Carefully and clearly, Moloch whispered the seven digits to the younger man.

“When the details of the hearing are confirmed, I want you to call that number and pass them on. Do not call from your office. Do not call from your home. Do not use your cell phone. If you’re wise, you’ll take a day trip, maybe into Maryland, and you will make the call from there. Am I clear?”

“Yes.”

“You do this right and you’ll be free of me.”

Braden rose and knocked on the door of the meeting room.

“Guard,” he called, “we’re all done here.”

He left without looking back at his client.

Now the preparations were in place. Moloch had received a message, passed in code during an apparently innocuous telephone conversation. They were moving. Progress was being made. All would be ready when the time came.

He closed his eyes and thought of vengeance.
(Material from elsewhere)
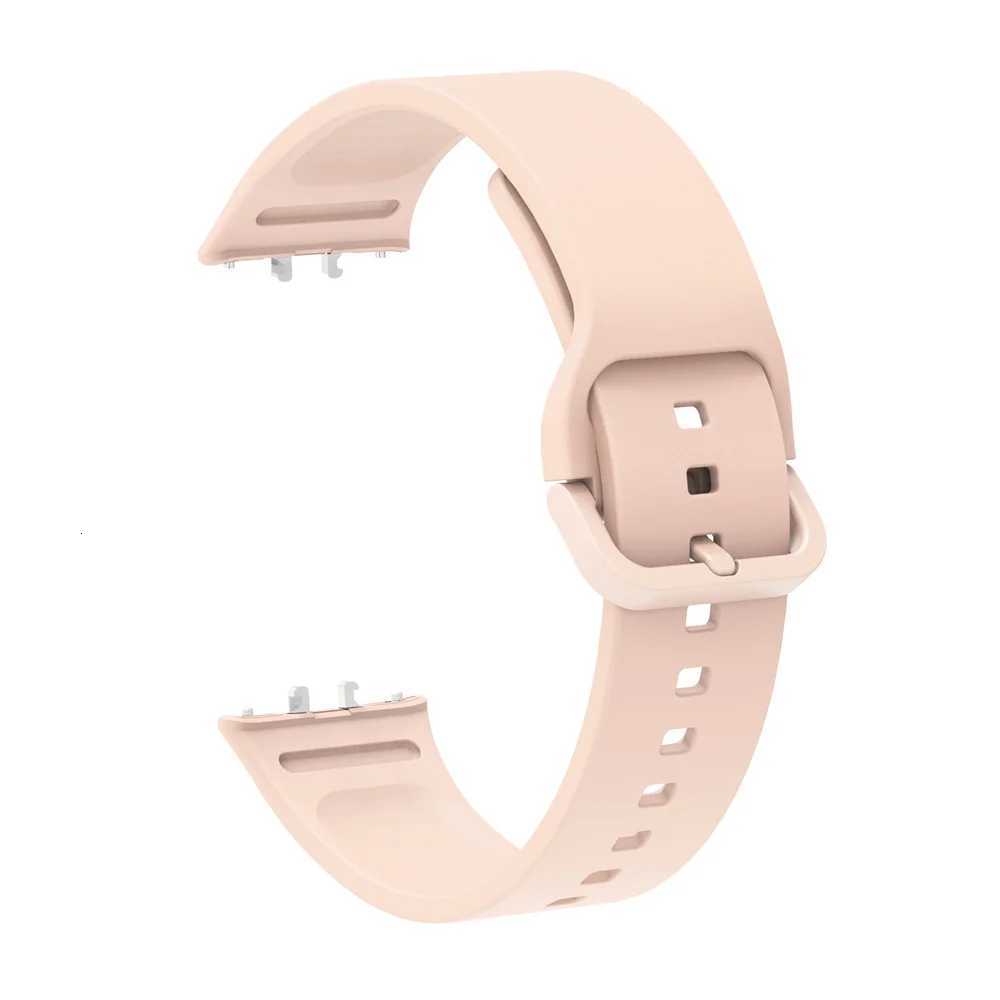 Silicone Strap For Samsung Galaxy Fit 3 Rubber Watchband With Case 2-in-1 Wristband Watch Accessories Correa W250811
The gray-haired man sat in the Rue de la Course on North Peter, sipping coffee and reading the local throwaway. Groups of young men passed by the windows of the coffeehouse, heading for the depths of the French Quarter. He could hear a thumping bass beat coming from the Coyote Ugly bar close by, battling the light jazz being played on the sound system behind his head. He liked the Rue de la Course, preferring it to the Café du Monde, where, earlier, he had eaten beignets and listened to the street musicians trying to hustle a buck. At the Café du Monde, coffee came either black or au lait, and the gray-haired man didn’t care much for it either way. He liked it black, but with a little cold milk on the side. The Asian waitress at the Café du Monde wasn’t prepared to accommodate him, so he had been forced to take his business elsewhere. The Rue de la Course had been a fortuitous discovery. In a way, it had been recommended to him by somebody else.